Principal DevOps Engineer (AWS)
Who we are:
Adaptiq is a technology hub specializing in building, scaling, and supporting R&D teams for high-end, fast-growing product companies in a wide range of industries.
About the Product:
An AI-native cloud platform that powers intelligent, real-time experiences for enterprise customers at scale. Built on a modern microservices architecture, the platform leverages advanced AI capabilities to process large volumes of data securely and reliably across multiple regions. The engineering team focuses on cloud-native infrastructure, Kubernetes, infrastructure as code, GitOps-driven deployments, observability, and efficient orchestration of AI workloads in production. The platform is designed to meet high standards for security, scalability, availability, and regulatory compliance while supporting rapid product growth.
About the Role:
This staff-level DevOps Engineer role owns the end-to-end platform infrastructure during a major platform expansion and rapid growth phase. You will lead the design, implementation, and operation of production-grade AWS environments, applying proven engineering best practices to build a secure, scalable, and highly available platform. Working closely with cross-functional engineering teams, you will help ensure the platform meets demanding reliability, security, and compliance requirements while enabling the delivery of large-scale AI-powered services. This position offers significant ownership and the opportunity to shape infrastructure supporting mission-critical production workloads.
Key Responsibilities:
- Design, build, and maintain scalable AWS cloud infrastructure supporting containerized microservices.
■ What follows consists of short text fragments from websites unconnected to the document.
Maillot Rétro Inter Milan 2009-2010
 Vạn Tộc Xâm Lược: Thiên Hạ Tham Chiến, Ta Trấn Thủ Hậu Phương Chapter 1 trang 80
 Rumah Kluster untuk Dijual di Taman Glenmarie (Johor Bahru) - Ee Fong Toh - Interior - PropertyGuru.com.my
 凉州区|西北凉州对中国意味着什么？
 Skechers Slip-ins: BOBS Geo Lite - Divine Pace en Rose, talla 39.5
- Own production Kubernetes environments, including auto-scaling, cost optimization, and runtime security.
- Centralize and clean up CI/CD and GitOps pipelines (ArgoCD or similar), enforce RBAC, and ensure safe, rapid deployments.
- Implement infrastructure as code with Terraform and Terragrunt, enforce PR-based apply flows, and manage state across modules.
- Establish isolated, multi-account setups for production, staging, and operations workloads.
- Deploy and operate multi-region infrastructure to meet per-country data residency and compliance requirements.
- Enhance reliability and observability using consolidated tooling, OpenTelemetry, and incident management best practices.
- Strengthen security posture with secret management, least-privilege access, SSO-as-code, and tenant isolation.
- Support compliance initiatives by implementing practical security controls and maintaining audit readiness.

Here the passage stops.